In effectively reversing fifteen-year bipartisan U.S. communications policy from promoting competition and reducing regulation to promoting regulation and reducing competition, the FCC’s coming “Open Internet” regulations are anything but neutral; they pick sides and strongly skew outcomes.

  • First, the FCC is proposing new preemptive business bans mid-game, the harshest most disruptive form of economic regulation possible.
  • Second, the FCC is arbitrarily discriminating among increasingly similar and converging businesses resulting in the arbitrary punishment of some businesses for what they allegedly might do, while rewarding others with protection from competition for what they allegedly might not do.
  • Third, the FCC is arbitrarily mandating one-way technology convergence without any supportable justification, i.e. banning distribution convergence into applications/content, while encouraging application/content convergence into distribution.

 

The chaotic result of this “open un-neutrality” will be regulation that is increasingly at war with inexorable technological convergence and economic efficiency -- requiring ever-increasing FCC regulatory artifices to keep the Internet’s original technological layers, market segments, and business models from naturally converging, evolving and competing.

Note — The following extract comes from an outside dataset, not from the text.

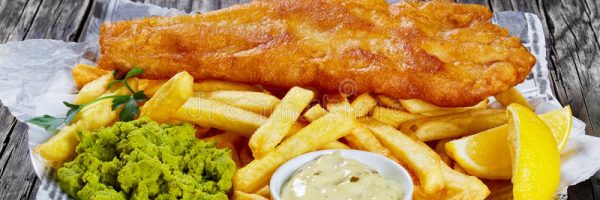 delicious-crispy-fish-chips-close-up-fried-cod-french-fries-lemon-slices-tartar-sauce-mushy-peas-plate-paper-wooden-89063038 (1)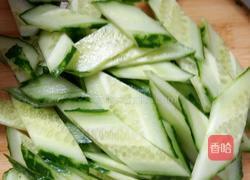 黄瓜嫩炒猪肝?的做法图解2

  • The folly and economic danger of this open fight against competition and convergence cannot be overstated.

 

The practical effect of openly un-neutral FCC rules is to create a new un-level playing field that will only get more un-level the more the Government stands on one-side of the scales picking de facto winners and losers via regulation.

 

The practical effect of re-distributing Internet opportunity is to increasingly introduce substantial systemic risk into the Internet eco-system as the FCC endeavors to replace the Internet’s jet engines of competition with the propeller engines of FCC regulation – during flight.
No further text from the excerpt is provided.